Наблюдать за двадцать третьей партией матча пришла огромная толпа гаванских любителей. Темпераментные кубинцы заключали пари об исходе этой встречи. Все понимали, насколько важно Чигорину выиграть партию. Тогда начался бы новый короткий, решительный матч до трех выигранных партий.
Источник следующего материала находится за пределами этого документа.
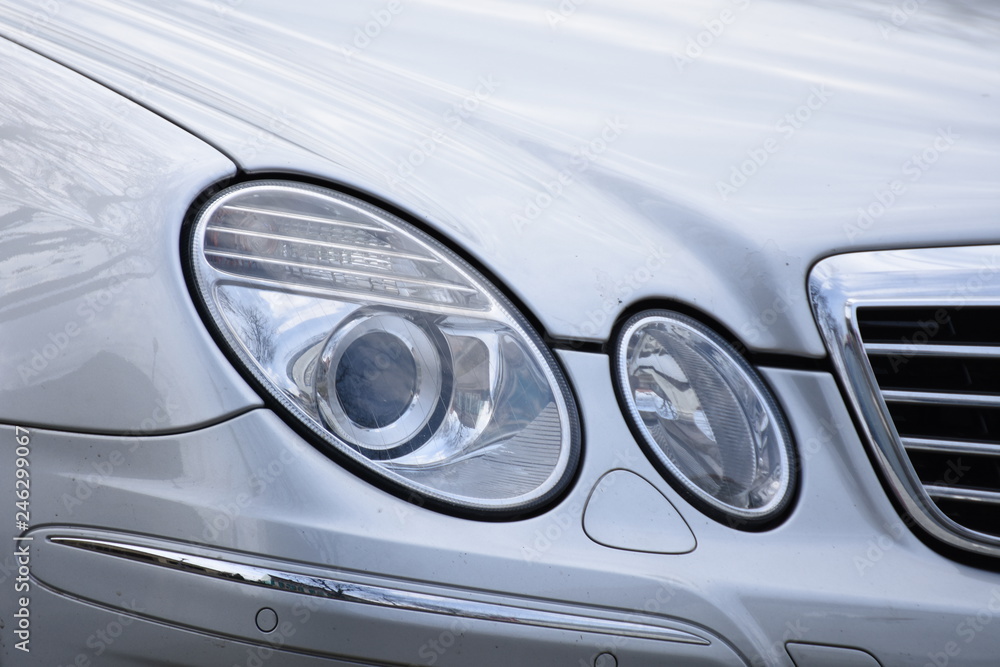 Car's exterior detail, headlight on a  silver car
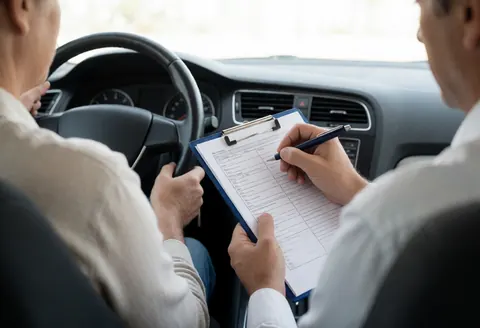 Intérieur d'un véhicule pendant un examen de conduite, montrant l'examinateur tenant des formulaires et le conducteur prêt à passer l'épreuve.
Чигорин блестяще вел атаку и уже к 27-му ходу добился выигрышной позиции. Но в дальнейшем он очень волновался и дважды упустил форсированный выигрыш, хотя и при этом сохранил решающий материальный перевес – лишнюю фигуру. Но позиция была очень острая, и чемпион мира продолжал сопротивление в расчете на счастливую случайность. Но произошло нечто еще более невероятное, о чем красочно рассказал в корреспонденции из Гаваны кубинский маэстро Васкес:

«Едва ли мы сможем когда-нибудь забыть этот роковой момент! Больше тысячи зрителей присутствовало на двадцать третьей партии. Все оживленно обсуждали блестящую кампанию Чигорина и ожидали, что Стейниц вот-вот сдаст партию. И вдруг началось необычайное волнение! Публика повскакала с мест, увидев, что русский маэстро, нервный, с изменившимся лицом, в ужасе схватился за голову. Без всякой необходимости он отвел слона, защищавшего его короля от мата.